(DATA IN THIS EXERCISE begins)

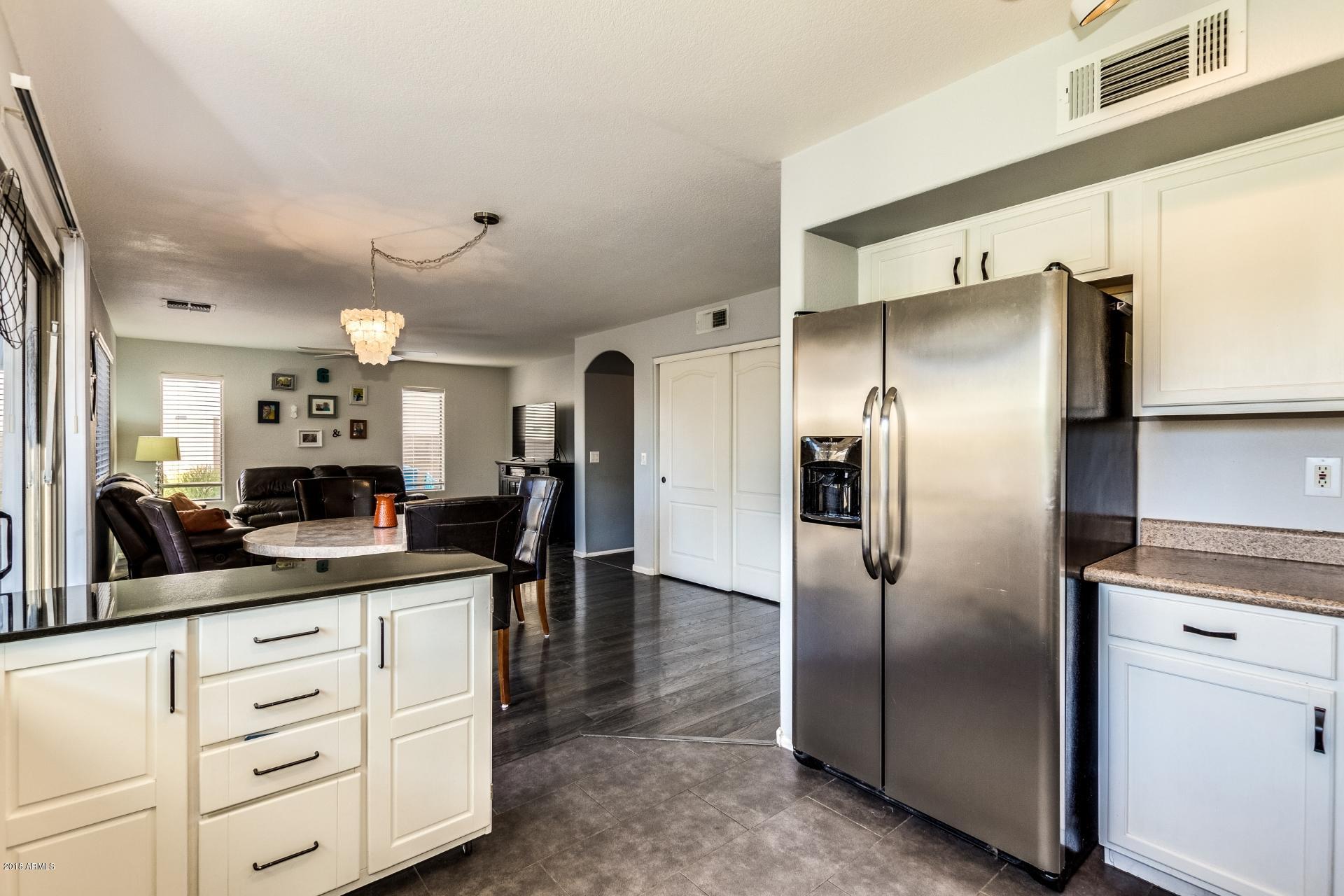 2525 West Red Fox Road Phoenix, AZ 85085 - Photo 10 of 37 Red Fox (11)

(DATA IN THIS EXERCISE ends)
(DATA IN THIS EXERCISE begins)

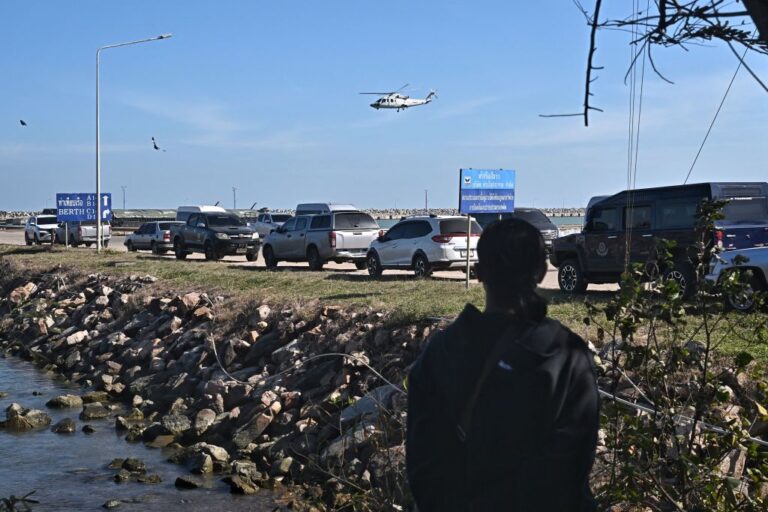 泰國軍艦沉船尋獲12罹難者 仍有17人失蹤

(DATA IN THIS EXERCISE ends)
(DATA IN THIS EXERCISE begins)

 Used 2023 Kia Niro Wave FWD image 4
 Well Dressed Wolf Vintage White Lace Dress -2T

(DATA IN THIS EXERCISE ends)

▸ WORK TO COMPLETE: Repeat the entries above verbatim, but only from the line that has "Used 2023 Kia Niro Wave FWD image 4" down to the line that has "Well Dressed Wolf", inclusive.

▸ EXERCISE ANSWER:
 Used 2023 Kia Niro Wave FWD image 4
 Well Dressed Wolf Vintage White Lace Dress -2T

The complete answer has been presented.